Many of these radionuclides exist only in trace amounts in nature, including all cosmogenic nuclides. Secondary radionuclides will occur in proportion to their half-lives, so short-lived ones will be very rare. Thus polonium can be found in uranium ores at about 0.1 mg per metric ton (1 part in 1010).[7][8] Further radionunclides may occur in nature in virtually undetectable amounts as a result of rare events such as spontaneous fission or uncommon cosmic ray interactions.

Nuclear fission

Radionuclides are produced as an unavoidable result of nuclear fission and thermonuclear explosions. The process of nuclear fission creates a wide range of fission products, most of which are radionuclides. Further radionuclides can be created from irradiation of the nuclear fuel (creating a range of actinides) and of the surrounding structures, yielding activation products. This complex mixture of radionuclides with different chemistries and radioactivity makes handling nuclear waste and dealing with nuclear fallout particularly problematic.

Synthetic

Artificial nuclide americium-241 emitting alpha particles inserted into a cloud chamber for visualisation
Artificial nuclide americium-241 emitting alpha particles inserted into a cloud chamber for visualisation

Synthetic radionuclides are deliberately synthesised using nuclear reactors, particle accelerators or radionuclide generators:

  • As well as being extracted from nuclear waste, radioisotopes can be produced deliberately with nuclear reactors, exploiting the high flux of neutrons present.

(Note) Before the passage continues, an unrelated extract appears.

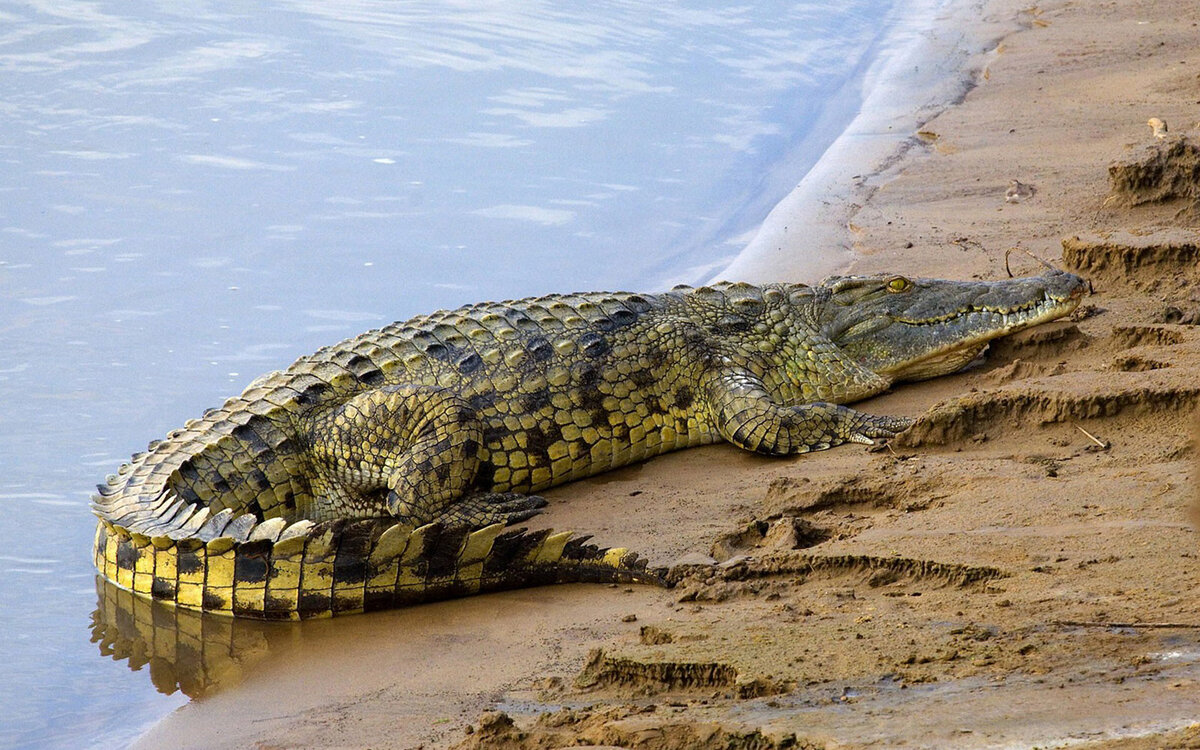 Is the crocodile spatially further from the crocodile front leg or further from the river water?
the river water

These neutrons activate elements placed within the reactor. A typical product from a nuclear reactor is iridium-192. The elements that have a large propensity to take up the neutrons in the reactor are said to have a high neutron cross-section.
  • Particle accelerators such as cyclotrons accelerate particles to bombard a target to produce radionuclides. Cyclotrons accelerate protons at a target to produce positron-emitting radionuclides, e.g. fluorine-18.
  • Radionuclide generators contain a parent radionuclide that decays to produce a radioactive daughter. The parent is usually produced in a nuclear reactor. A typical example is the technetium-99m generator used in nuclear medicine. The parent produced in the reactor is molybdenum-99.

Uses

Radionuclides are used in two major ways: either for their radiation alone (irradiation, nuclear batteries) or for the combination of chemical properties and their radiation (tracers, biopharmaceuticals).

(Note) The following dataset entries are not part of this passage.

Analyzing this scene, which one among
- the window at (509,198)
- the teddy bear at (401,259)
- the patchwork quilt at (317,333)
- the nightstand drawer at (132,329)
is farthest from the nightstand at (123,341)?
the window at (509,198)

  • In biology, radionuclides of carbon can serve as radioactive tracers because they are chemically very similar to the nonradioactive nuclides, so most chemical, biological, and ecological processes treat them in a nearly identical way. One can then examine the result with a radiation detector, such as a Geiger counter, to determine where the provided atoms were incorporated. For example, one might culture plants in an environment in which the carbon dioxide contained radioactive carbon; then the parts of the plant that incorporate atmospheric carbon would be radioactive. Radionuclides can be used to monitor processes such as DNA replication or amino acid transport.
  • In nuclear medicine, radioisotopes are used for diagnosis, treatment, and research. Radioactive chemical tracers emitting gamma rays or positrons can provide diagnostic information about internal anatomy and the functioning of specific organs, including the human brain.[9][10][11] This is used in some forms of tomography: single-photon emission computed tomography and positron emission tomography (PET) scanning and Cherenkov luminescence imaging. Radioisotopes are also a method of treatment in hemopoietic forms of tumors; the success for treatment of solid tumors has been limited. More powerful gamma sources sterilise syringes and other medical equipment.
  • In food preservation, radiation is used to stop the sprouting of root crops after harvesting, to kill parasites and pests, and to control the ripening of stored fruit and vegetables.
  • In industry, and in mining, radionuclides are used to examine welds, to detect leaks, to study the rate of wear, erosion and corrosion of metals, and for on-stream analysis of a wide range of minerals and fuels.
  • In spacecraft and elsewhere, radionuclides are used to provide power and heat, notably through radioisotope thermoelectric generators (RTGs).
  • In astronomy and cosmology radionuclides play a role in understanding stellar and planetary process.
  • In particle physics, radionuclides help discover new physics (physics beyond the Standard Model) by measuring the energy and momentum of their beta decay products.[12]
  • In ecology, radionuclides are used to trace and analyze pollutants, to study the movement of surface water, and to measure water runoffs from rain and snow, as well as the flow rates of streams and rivers.
  • In geology, archaeology, and paleontology, natural radionuclides are used to measure ages of rocks, minerals, and fossil materials.

Examples

The following table lists properties of selected radionuclides illustrating the range of properties and uses.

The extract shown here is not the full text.